• EXERCISE OBJECTIVE:
Go over the entries below line by line, copying each one that contains the word "with".

• THE DATA:

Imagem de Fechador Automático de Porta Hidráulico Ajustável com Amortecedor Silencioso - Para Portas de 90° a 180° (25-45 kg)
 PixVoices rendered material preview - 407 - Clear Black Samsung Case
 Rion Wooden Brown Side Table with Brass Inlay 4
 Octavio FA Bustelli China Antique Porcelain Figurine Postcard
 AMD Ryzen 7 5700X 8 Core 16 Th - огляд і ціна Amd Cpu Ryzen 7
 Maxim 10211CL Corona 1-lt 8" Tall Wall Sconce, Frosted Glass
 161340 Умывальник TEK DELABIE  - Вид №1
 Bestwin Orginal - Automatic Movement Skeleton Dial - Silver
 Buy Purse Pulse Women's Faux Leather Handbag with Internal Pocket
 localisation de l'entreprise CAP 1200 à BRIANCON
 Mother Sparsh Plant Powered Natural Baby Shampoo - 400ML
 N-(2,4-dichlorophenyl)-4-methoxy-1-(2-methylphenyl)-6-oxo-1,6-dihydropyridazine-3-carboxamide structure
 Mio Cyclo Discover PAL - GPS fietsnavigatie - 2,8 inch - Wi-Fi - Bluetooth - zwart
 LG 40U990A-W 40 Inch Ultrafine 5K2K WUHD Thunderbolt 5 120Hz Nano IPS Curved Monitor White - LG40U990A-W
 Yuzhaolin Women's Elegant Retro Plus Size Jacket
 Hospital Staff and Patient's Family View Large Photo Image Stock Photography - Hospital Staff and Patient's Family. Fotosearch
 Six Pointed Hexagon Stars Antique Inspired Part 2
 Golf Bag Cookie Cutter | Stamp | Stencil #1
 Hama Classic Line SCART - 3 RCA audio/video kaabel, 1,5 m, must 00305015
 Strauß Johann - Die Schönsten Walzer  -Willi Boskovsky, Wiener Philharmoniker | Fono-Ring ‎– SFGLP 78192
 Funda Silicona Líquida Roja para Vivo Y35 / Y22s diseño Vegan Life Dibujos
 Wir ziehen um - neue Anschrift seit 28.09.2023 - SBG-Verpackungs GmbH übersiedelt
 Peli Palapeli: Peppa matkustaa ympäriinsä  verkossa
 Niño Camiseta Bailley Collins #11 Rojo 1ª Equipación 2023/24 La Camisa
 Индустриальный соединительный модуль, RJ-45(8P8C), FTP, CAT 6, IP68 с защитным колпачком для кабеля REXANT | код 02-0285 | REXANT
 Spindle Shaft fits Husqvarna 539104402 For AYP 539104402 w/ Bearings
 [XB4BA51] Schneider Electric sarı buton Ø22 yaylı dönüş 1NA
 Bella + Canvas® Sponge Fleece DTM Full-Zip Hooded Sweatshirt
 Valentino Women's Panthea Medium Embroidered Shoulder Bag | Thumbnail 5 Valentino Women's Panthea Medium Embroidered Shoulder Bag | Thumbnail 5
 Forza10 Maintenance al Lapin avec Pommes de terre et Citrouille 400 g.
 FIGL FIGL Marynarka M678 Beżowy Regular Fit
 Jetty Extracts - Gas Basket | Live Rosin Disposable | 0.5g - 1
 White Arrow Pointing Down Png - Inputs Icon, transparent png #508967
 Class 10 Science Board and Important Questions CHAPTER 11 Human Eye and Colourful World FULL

• ANSWER TO THE EXERCISE:
 Rion Wooden Brown Side Table with Brass Inlay 4
 Buy Purse Pulse Women's Faux Leather Handbag with Internal Pocket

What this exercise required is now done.